If you do not approach it that way then your concerns may be well founded as there will be code compliance factors that will be involved in the mechanical design while there are only recommendations regarding acoustics. Unless someone is there to address and fight for the acoustical considerations then if budget constraints or Value Engineering become a factor the impact on acoustics may not be much of a consideration in the information presented or the decisions made.

This reminded me of a project years ago when I was with a MEP consulting firm and an Owner hired us to provide acoustical consulting for a competing Mechanical Engineer they had selected for the mechanical system design work. What was interesting is that we had bid on and lost the mechanical consulting portion of the work to that firm because our fee was $1,500 higher - and included the same acoustical consulting services for which they then ended paying us $3,000. One example of when looking at the low bid for individual portions of the work actually resulted in a greater overall cost.
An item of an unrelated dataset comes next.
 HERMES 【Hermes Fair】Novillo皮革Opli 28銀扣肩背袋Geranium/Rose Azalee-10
Added: I'm avoiding getting into specifics as there are likely some 'big picture' aspects that will greatly impact everything else. Things such as the condition and design of any existing heating and ventilation systems, whether the school has a central plant with sufficient capacity to also support the theater, whether the changes may entail incorporating new energy codes that in turn affect the existing installation, what the existing HVAC controls system supports and so on.
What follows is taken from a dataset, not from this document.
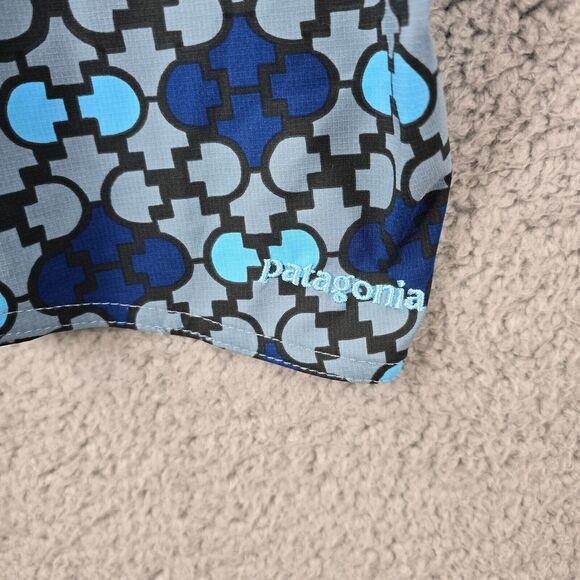 Patagonia Board Shorts Men's Geometric Blue Side Zip Pocket Lightweight Size 40 - Picture 5 of 13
However, there may be a few aspects for you to think about such as whether there are areas such as shops or booths that may operate different hours than the auditorium and thus need to be controlled separately, whether there are spaces such as shops or paint booths that may require special ventilation, and whether there are equipment spaces or similar where the equipment in them represents significant heat loads and/or that require certain temperature or humidity conditions. This is focusing more on defining the needs and goals than the solutions, but such considerations could have an impact on the solutions developed or may have to be coordianted with the limitations of what can be done.


----------



## tdeater (May 24, 2012)

the overall design idea they used on our theater was high volume, low velocity (aka move a lot of air slowly) Get the equipment isolated from the space. Compressors and such can add a lot of vibration to things. In our space, every piece of mechanical equipment with a fan or spinning motor in it has vibration isolation on it's mounting and duct work/piping. Also remember the heat load of an audience and lights. What is good enough to cool the space during the day, or rehearsal times may not be close once you put a few hundred heaters, aka audience in the space.


----------



## FMEng (May 24, 2012)

I agree with everything that Brad said. This is not a situation where contractors can be asked to do a design-bid process. You might get cold air that way, along with excessive amounts of noise that renders the space useless when it is running. This requires a mechanical engineer working together with an acoustical engineer to be successful.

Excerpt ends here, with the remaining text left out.